Brussels: Eight banks failed the European Union stress tests after regulators said they had a combined capital shortfall of €2.5 billion (Dh12.98 billion).

The banks were found to have insufficient reserves to maintain a core tier 1 capital ratio of 5 per cent in the event of an economic slowdown, the European Banking Authority said.

The assessments are the first by the European Banking Authority since it was set up earlier this year. Last year's tests by its predecessor were criticised for not being tough enough because banks were shown to need only €3.5 billion more capital, a tenth of the lowest analyst estimate.

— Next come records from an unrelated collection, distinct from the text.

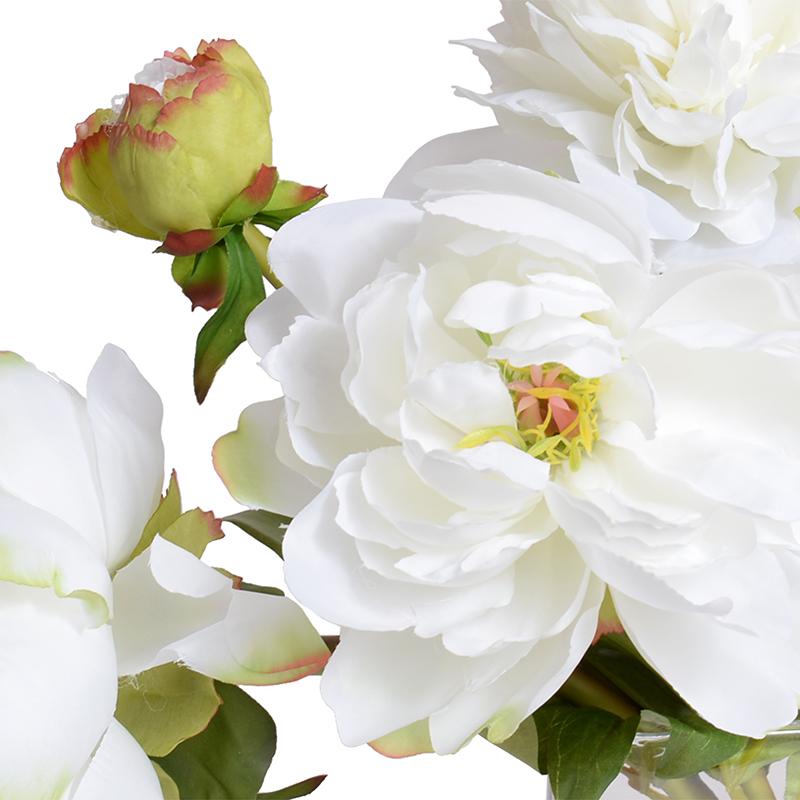 Peony Cutting in Glass Envelope
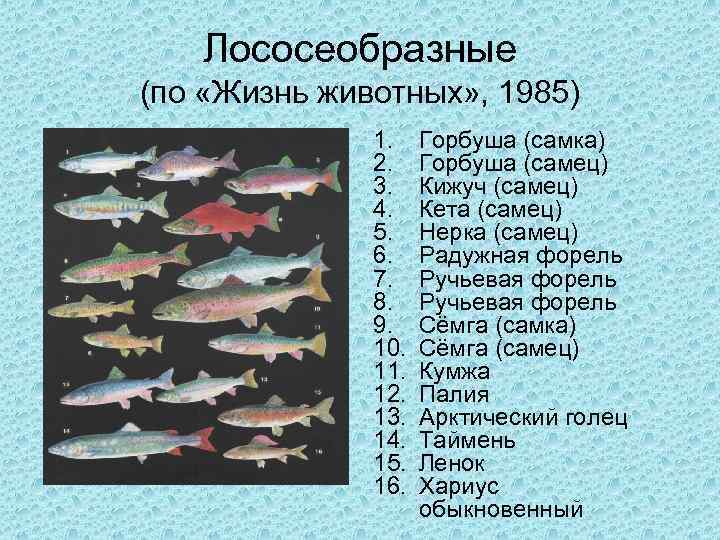 Рыба семейства тресковых: отличия и особенности, среда обитания, перечень видов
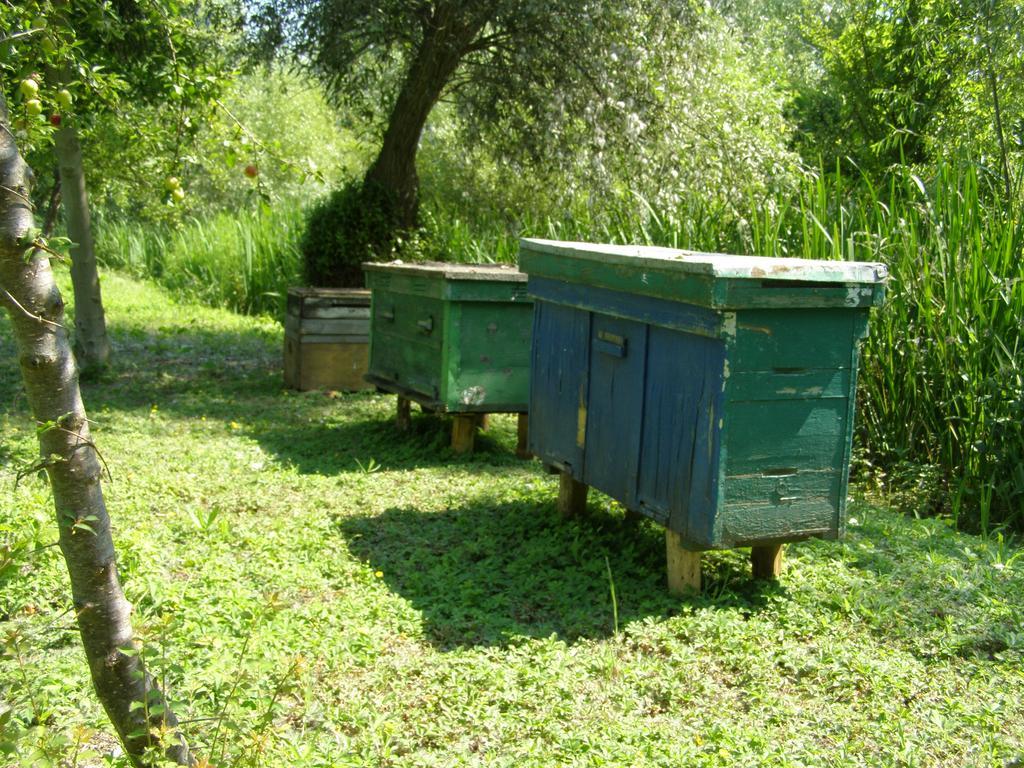 Pelican City Вилково Экстерьер фото
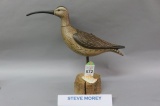 Steve Morey Pocket Shorebird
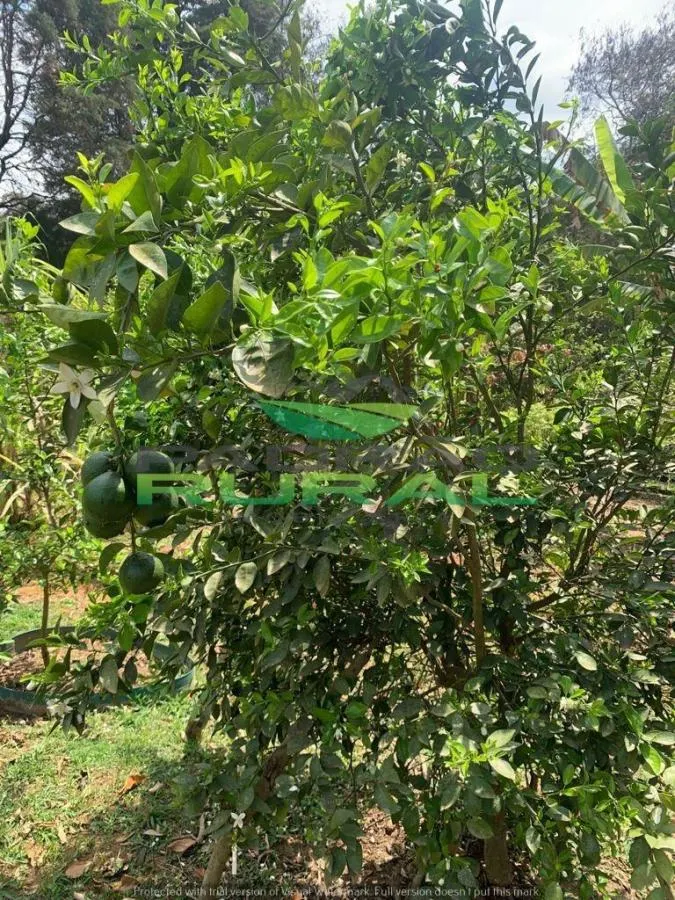 Chácara à venda de 1.000 m² em Mairinque, SP, Brasil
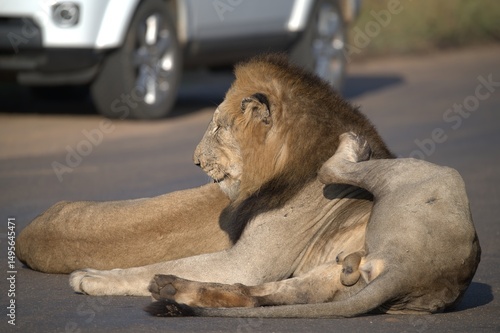 Lion on the road , Animal of africa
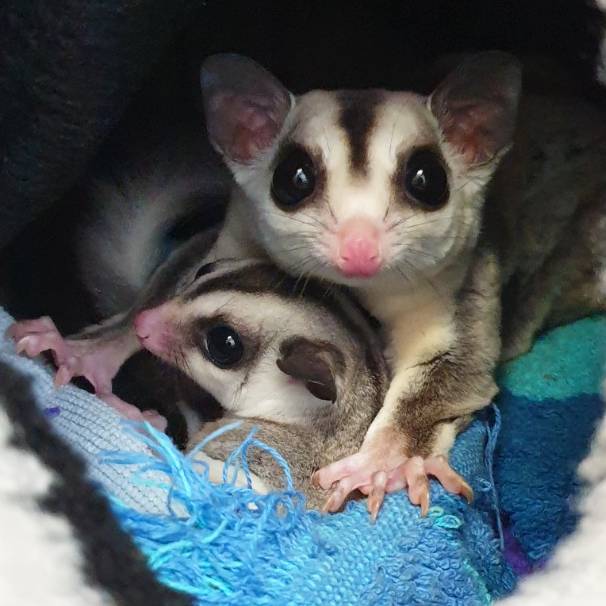 Kurzkopfgleitbeutler oder Sugarglider eignen sich nicht als Haustiere, da sie hohe Anforderungen haben und so oft leiden müssen.
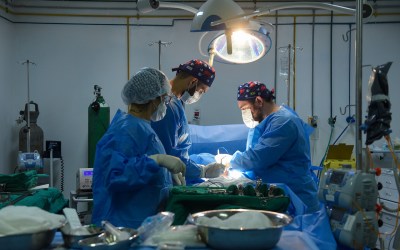Hospital Ferreira Machado registra novas captações de órgãos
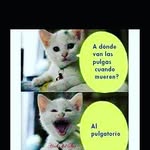 Gary Montiel - @montiel_gary - Instagram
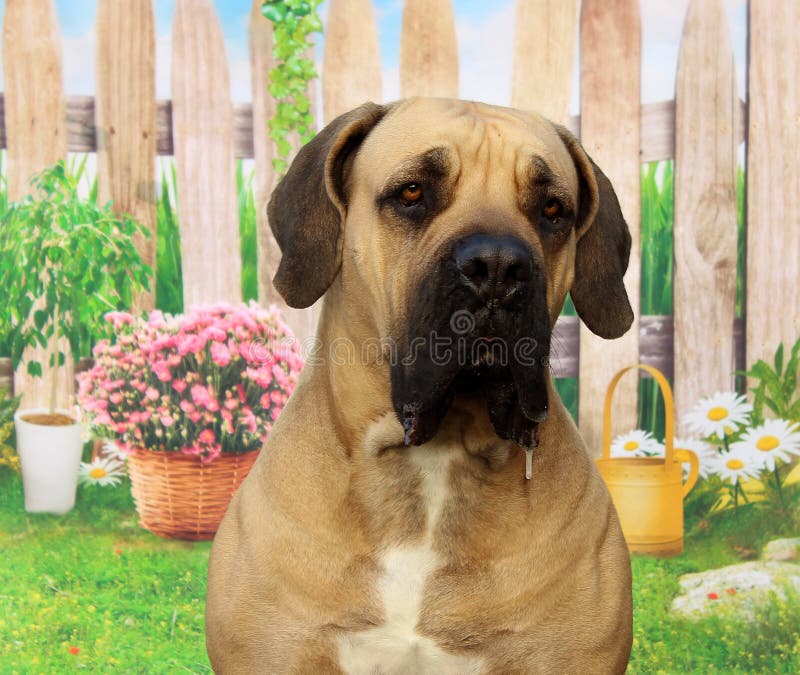 South African Boerboel on a color background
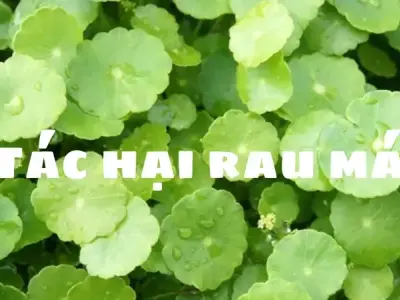 Tác hại rau má bạn cần biết để sử dụng an toàn cho sức khỏe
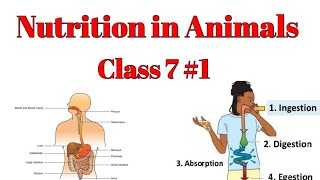 Nutrition in Animals class 7IngestionDigestionAbsorptionAssimilation EgestionModes ofnutrition [upl. by Holbrooke]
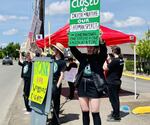 Starbucks workers picket outside their coffeehouse at Franklin Blvd and Villard Street in Eugene.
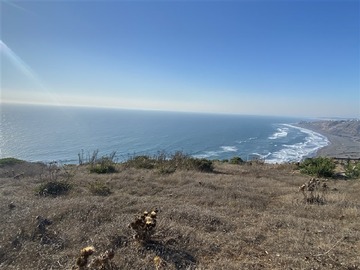 Venta / Sitio / Navidad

Banks that fail the stress test must present a plan to raise more capital within three months.

"Any institution failing the stress test could be left facing funding challenges, the potential loss of stakeholder confidence and the risk of a credit-rating downgrade," Steve Pearson, a partner at PricewaterhouseCoopers LLP, said in a note to clients. "Experience has shown the premium the riskier institutions might have to pay to retain some of their depositors could increase to an unsustainable level."

S&P test

Rating company Standard & Poor's own stress test, published in March, found European banks would need as much as €250 billion in fresh capital if faced with a "sharp" increase in yields and a "severe" economic downturn. In contrast, a survey of 113 investors by Goldman Sachs Group Inc last month showed they expect banks to raise €29 billion after the tests.